- Description of the task -
Please return the listing exactly as written, but without its pictures.

- Extracted records -
+ + +
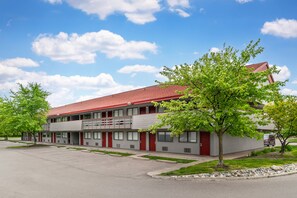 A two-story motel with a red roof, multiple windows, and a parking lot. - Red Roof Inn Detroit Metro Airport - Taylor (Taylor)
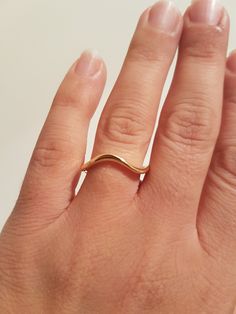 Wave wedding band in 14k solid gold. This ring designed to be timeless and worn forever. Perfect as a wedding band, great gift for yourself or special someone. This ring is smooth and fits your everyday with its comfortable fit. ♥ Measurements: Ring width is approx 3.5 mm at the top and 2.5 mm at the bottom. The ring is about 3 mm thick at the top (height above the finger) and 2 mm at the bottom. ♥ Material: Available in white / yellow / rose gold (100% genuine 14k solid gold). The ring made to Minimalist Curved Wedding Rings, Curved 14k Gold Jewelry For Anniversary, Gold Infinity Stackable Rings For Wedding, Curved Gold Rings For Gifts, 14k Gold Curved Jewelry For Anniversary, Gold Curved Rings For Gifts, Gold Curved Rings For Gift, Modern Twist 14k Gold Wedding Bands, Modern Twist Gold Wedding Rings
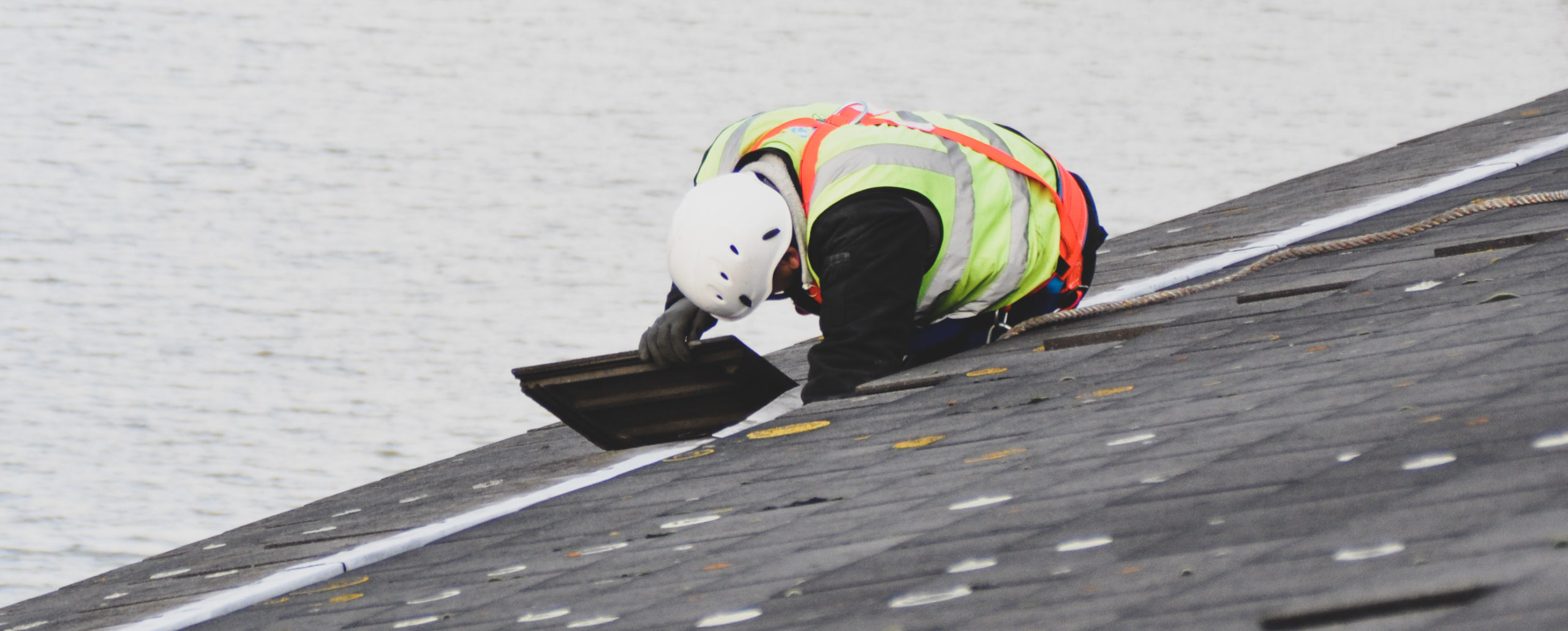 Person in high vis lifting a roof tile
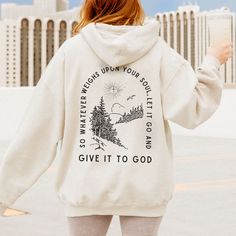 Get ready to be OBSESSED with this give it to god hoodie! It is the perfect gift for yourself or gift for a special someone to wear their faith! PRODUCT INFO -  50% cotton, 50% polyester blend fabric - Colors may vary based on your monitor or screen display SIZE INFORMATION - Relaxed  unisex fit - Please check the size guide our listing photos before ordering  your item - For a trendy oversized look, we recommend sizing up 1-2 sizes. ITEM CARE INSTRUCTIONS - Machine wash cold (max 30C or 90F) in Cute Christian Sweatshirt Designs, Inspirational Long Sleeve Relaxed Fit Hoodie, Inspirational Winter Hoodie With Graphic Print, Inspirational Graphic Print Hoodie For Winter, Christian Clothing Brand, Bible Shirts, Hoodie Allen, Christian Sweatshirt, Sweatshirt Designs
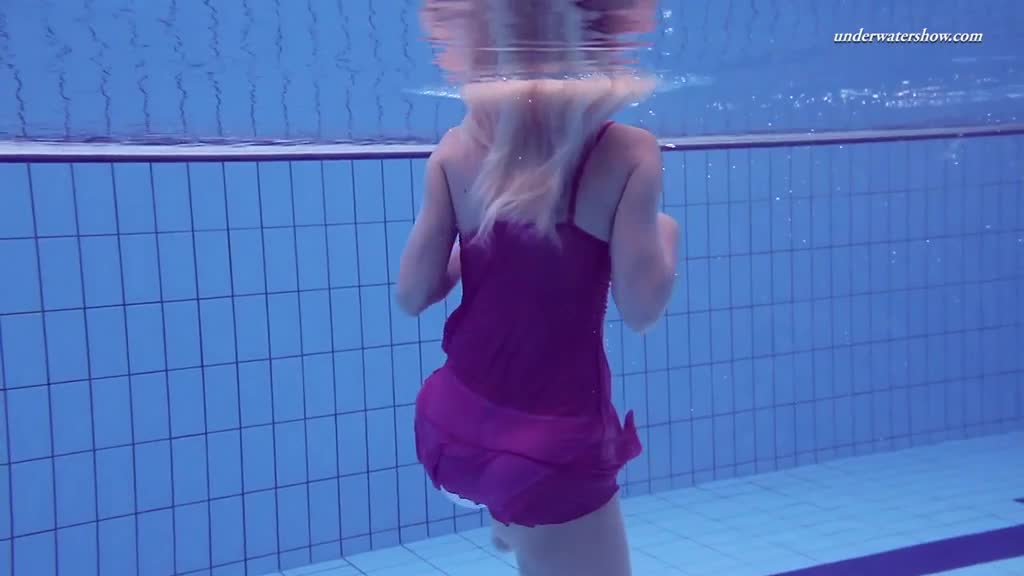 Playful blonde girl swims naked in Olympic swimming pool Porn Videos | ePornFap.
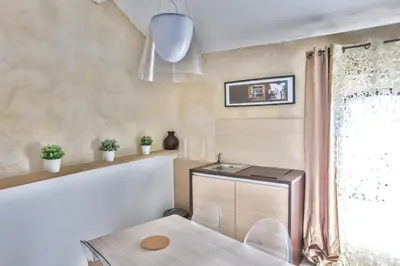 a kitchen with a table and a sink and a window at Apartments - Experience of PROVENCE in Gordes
+ + +
- Answer area -
 A two-story motel with a red roof, multiple windows, and a parking lot. - Red Roof Inn Detroit Metro Airport - Taylor (Taylor)
 Wave wedding band in 14k solid gold. This ring designed to be timeless and worn forever. Perfect as a wedding band, great gift for yourself or special someone. This ring is smooth and fits your everyday with its comfortable fit. ♥ Measurements: Ring width is approx 3.5 mm at the top and 2.5 mm at the bottom. The ring is about 3 mm thick at the top (height above the finger) and 2 mm at the bottom. ♥ Material: Available in white / yellow / rose gold (100% genuine 14k solid gold). The ring made to Minimalist Curved Wedding Rings, Curved 14k Gold Jewelry For Anniversary, Gold Infinity Stackable Rings For Wedding, Curved Gold Rings For Gifts, 14k Gold Curved Jewelry For Anniversary, Gold Curved Rings For Gifts, Gold Curved Rings For Gift, Modern Twist 14k Gold Wedding Bands, Modern Twist Gold Wedding Rings
 Person in high vis lifting a roof tile
 Get ready to be OBSESSED with this give it to god hoodie! It is the perfect gift for yourself or gift for a special someone to wear their faith! PRODUCT INFO -  50% cotton, 50% polyester blend fabric - Colors may vary based on your monitor or screen display SIZE INFORMATION - Relaxed  unisex fit - Please check the size guide our listing photos before ordering  your item - For a trendy oversized look, we recommend sizing up 1-2 sizes. ITEM CARE INSTRUCTIONS - Machine wash cold (max 30C or 90F) in Cute Christian Sweatshirt Designs, Inspirational Long Sleeve Relaxed Fit Hoodie, Inspirational Winter Hoodie With Graphic Print, Inspirational Graphic Print Hoodie For Winter, Christian Clothing Brand, Bible Shirts, Hoodie Allen, Christian Sweatshirt, Sweatshirt Designs
 Playful blonde girl swims naked in Olympic swimming pool Porn Videos | ePornFap.
 a kitchen with a table and a sink and a window at Apartments - Experience of PROVENCE in Gordes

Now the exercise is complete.